- Exercise: Your answer must be the exact lines from the one holding "New 2026 Buick" through the last line of the records below, with no pictures.

- Records to use:
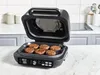 Ninja AG651EU Foodi MAX PRO Grill i frytkownica na gorące Podgląd zdjęcia produktu 16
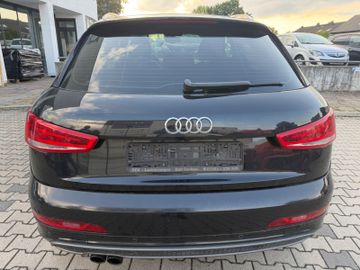 Audi Q3 - 10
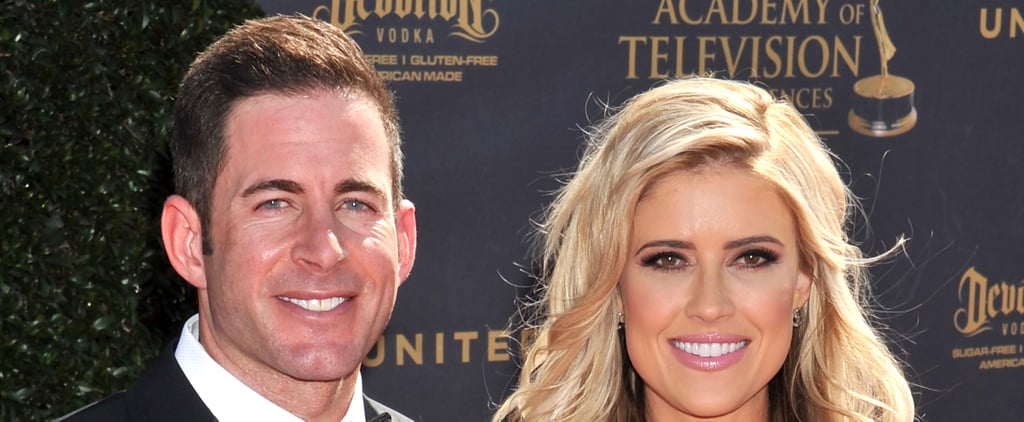 See the Massive Home Christina and Tarek El Moussa Shared Before Divorcing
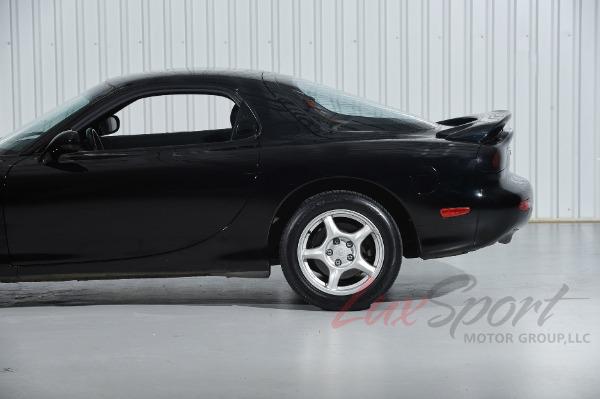 Used 1994 Mazda RX-7 Twin Turbo Turbo | Woodbury, NY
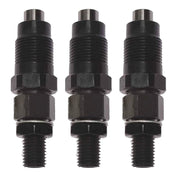 DURAFORCE 3X Fuel Injector 16032-53000 for Kubota B1700 B2100 B2400 B2410 V1305 Engine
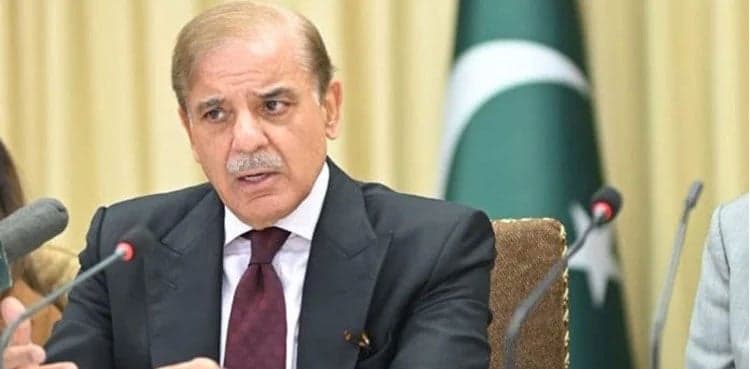 PM Shehbaz Sharif’s visit to quake-hit Turkiye postponed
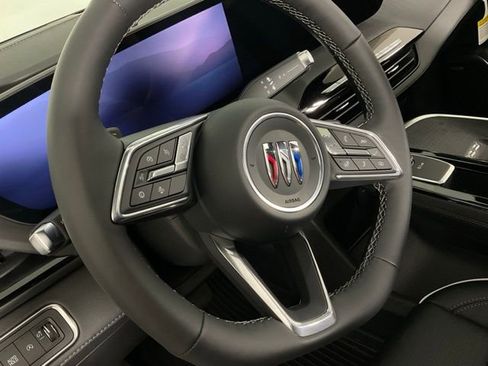 New 2026 Buick Enclave Sport Touring w/ Power Package FWD image 19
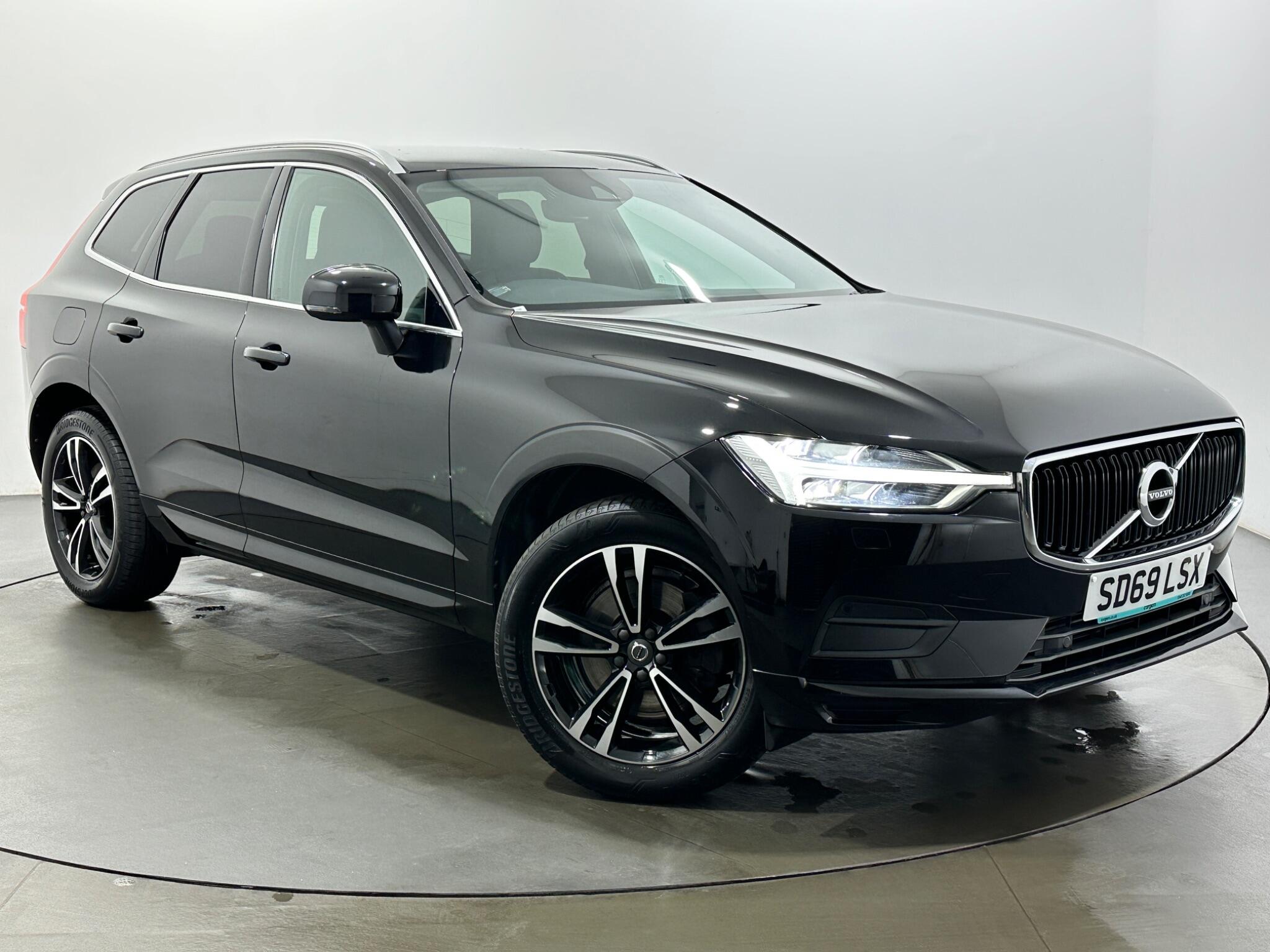 Volvo XC60 view 55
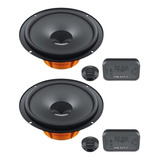 Kit 2 Vias 6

- The completed task:
 New 2026 Buick Enclave Sport Touring w/ Power Package FWD image 19
 Volvo XC60 view 55
 Kit 2 Vias 6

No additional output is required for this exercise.